Joseph sits and feels the sun come down on his skin. His head feels weightless, as though it would float away if not for his neck. He thinks: If I had to do it over again, I’d bury the whole whales. I’d sow the ground with bucketfuls of seeds—not just tomatoes and melons, but pumpkins and beans and potatoes and broccoli and maize. I’d fill the beds of a hundred dumptrucks with seeds. Huge gardens would come up. I’d make a garden so huge and colorful everyone would see it; I’d let the weeds grow and the ivy, everything would grow, everything would get its chance.
Belle is crying. He takes her hands and holds her thin, articulate fingers against his own. He wonders if the dust has piled up against the walls of the house in the hills outside Monrovia. He wonders if hummingbirds still flit between the cups of the flowers, if by some miracle his mother could be there, kneeling in the soil, if they could work together cleaning away the dust, sweeping, brooming it up, carrying it out the door and pitching it into the yard, watching it unfurl in great rust-colored clouds, to be taken up by the wind and scattered somewhere else.

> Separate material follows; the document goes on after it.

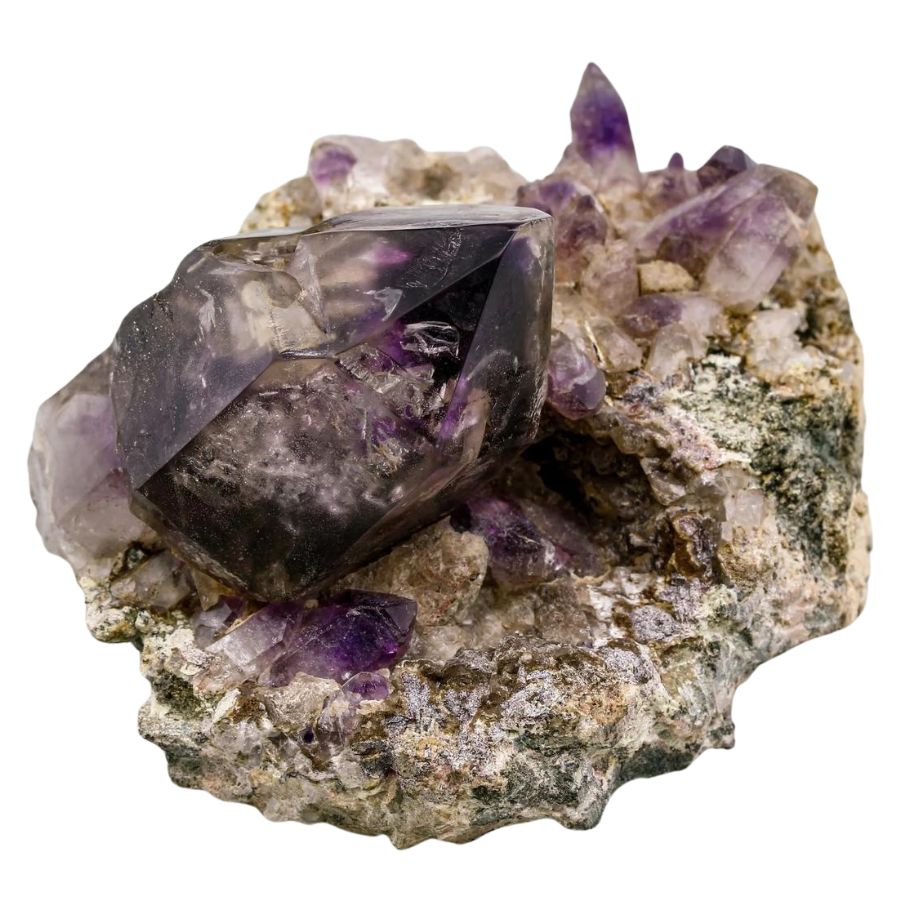 smoky amethyst crystals on a rock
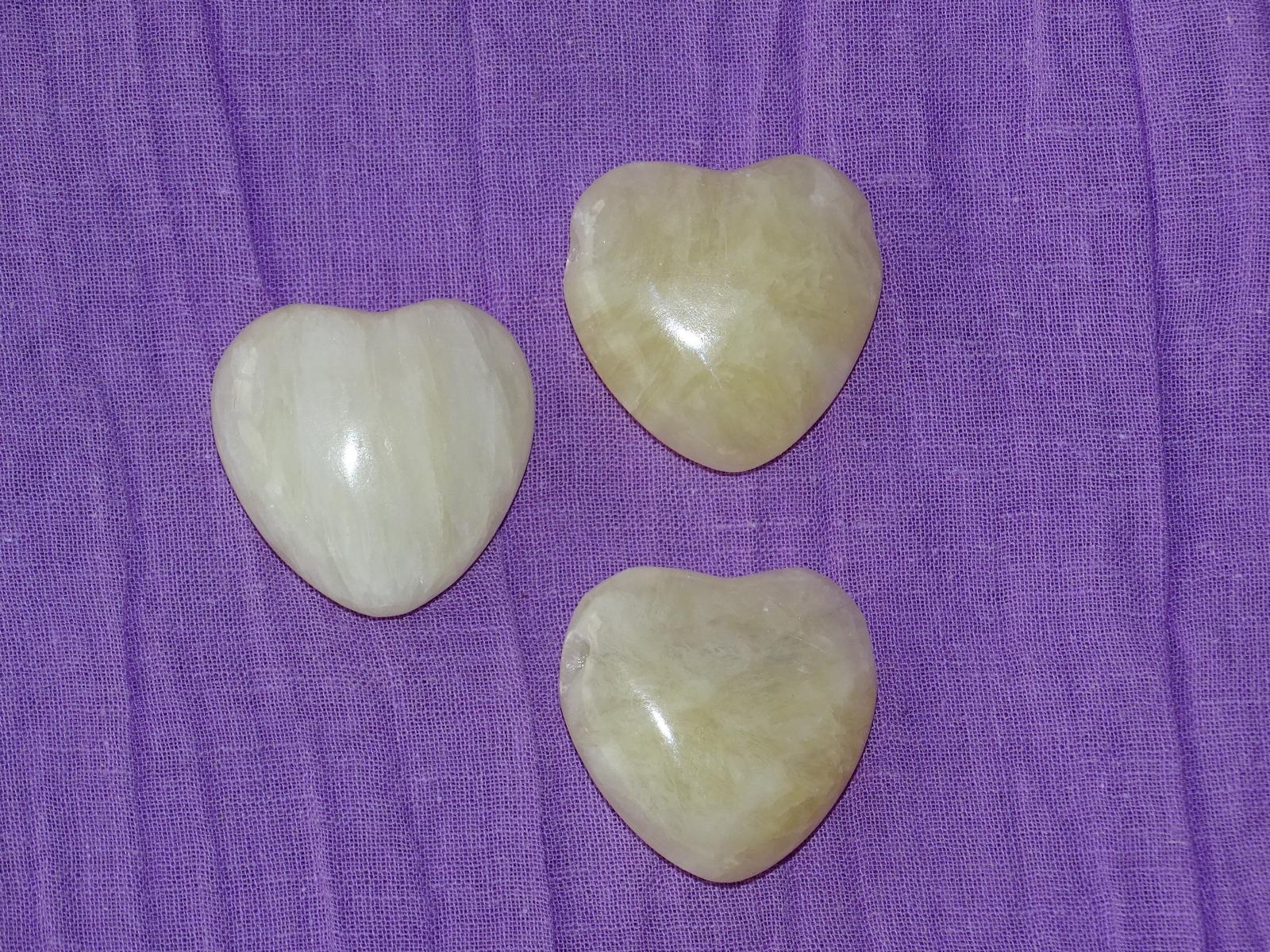 Orangencalcit-Herz (gebohrt)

“Thank you,” he says, but cannot be sure if he says it aloud. The clouds split and the sky brims over with light—it pours onto them, glazing the surface of the picnic table, the backs of their hands, the wet, carved bowls of the melon rinds. Everything feels very tenuous, just then, and terribly beautiful, as if he is straddling two worlds, the one he came from and the one he is going to. He wonders if this is what it was like for his mother, in the moments before she died, if she saw the same kind of light, if she felt like anything was possible.
Belle has reclaimed her hands and is pointing somewhere far off, somewhere over the horizon. Home, she signs. You are going home.